## Action item
Here is a listing, set out below; repeat its lines from the one with "Fregadero de baño" to the last, both included, and leave out the pictures.

## Information provided
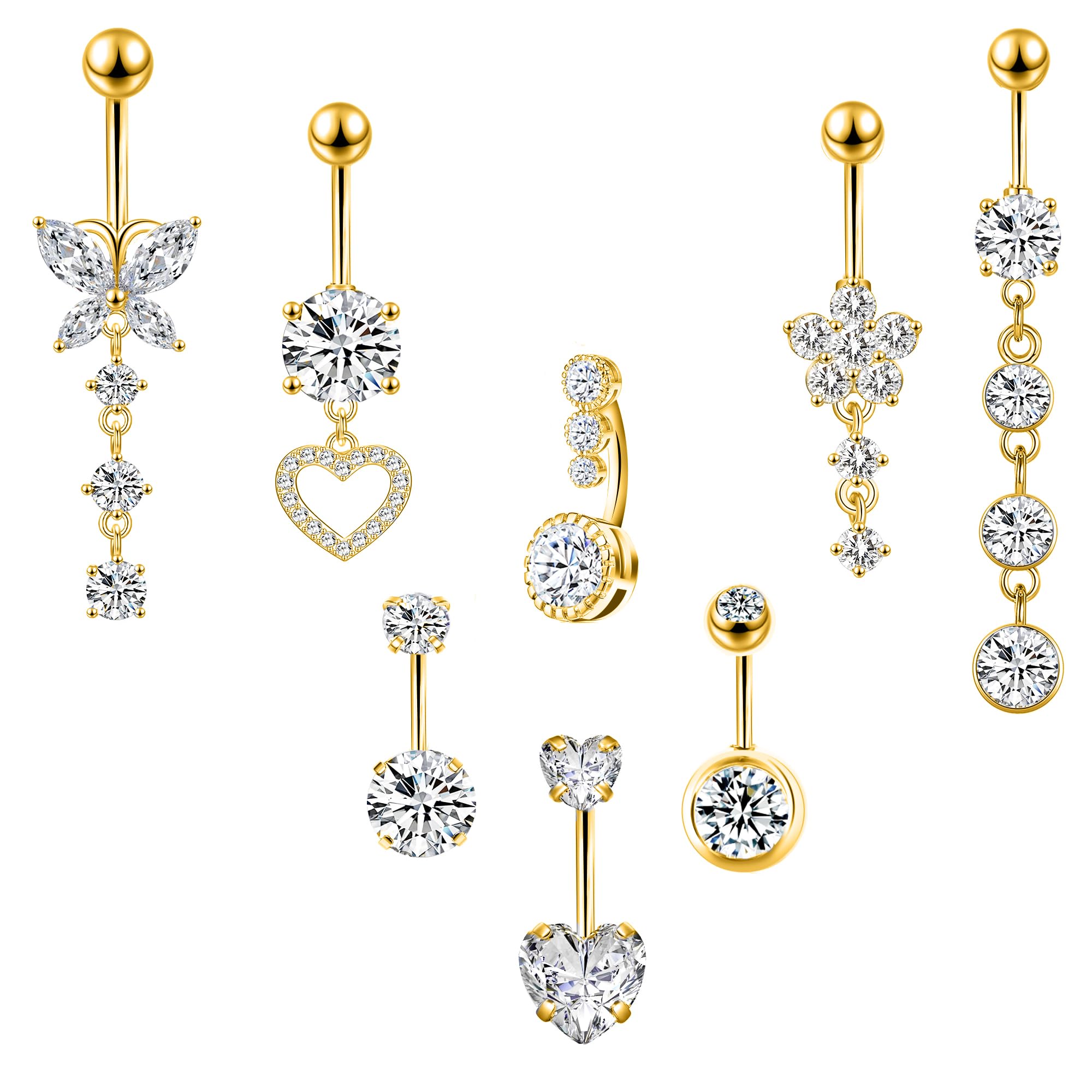 LEE&RO Gold Belly Button Ring Dangle Stainless Steel Belly Rings 14G Belly Button Piercing Cute Navel Ring Belly Piercing Jewelry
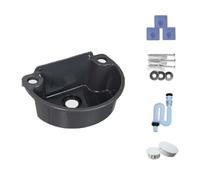 Fregadero de baño compacto, lavabo de plástico con tubo de drenaje de acero inoxidable, ideal para espacios pequeños, uso versátil en interiores y exteriores [negro]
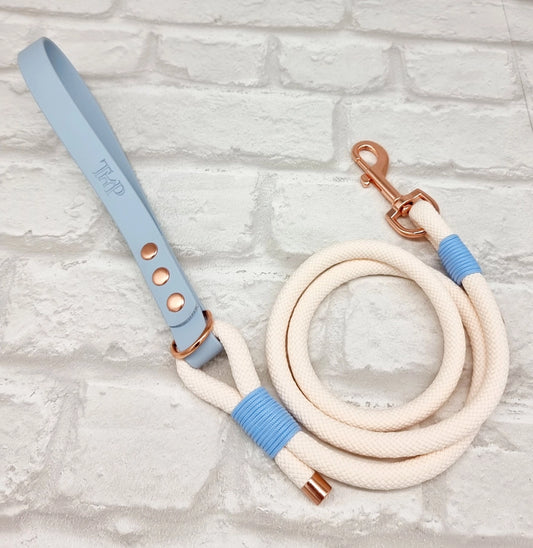 Premium Paracord Dog Collar & Dog Lead Set - Cream/Pastel Blue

## Exercise answer
 Fregadero de baño compacto, lavabo de plástico con tubo de drenaje de acero inoxidable, ideal para espacios pequeños, uso versátil en interiores y exteriores [negro]
 Premium Paracord Dog Collar & Dog Lead Set - Cream/Pastel Blue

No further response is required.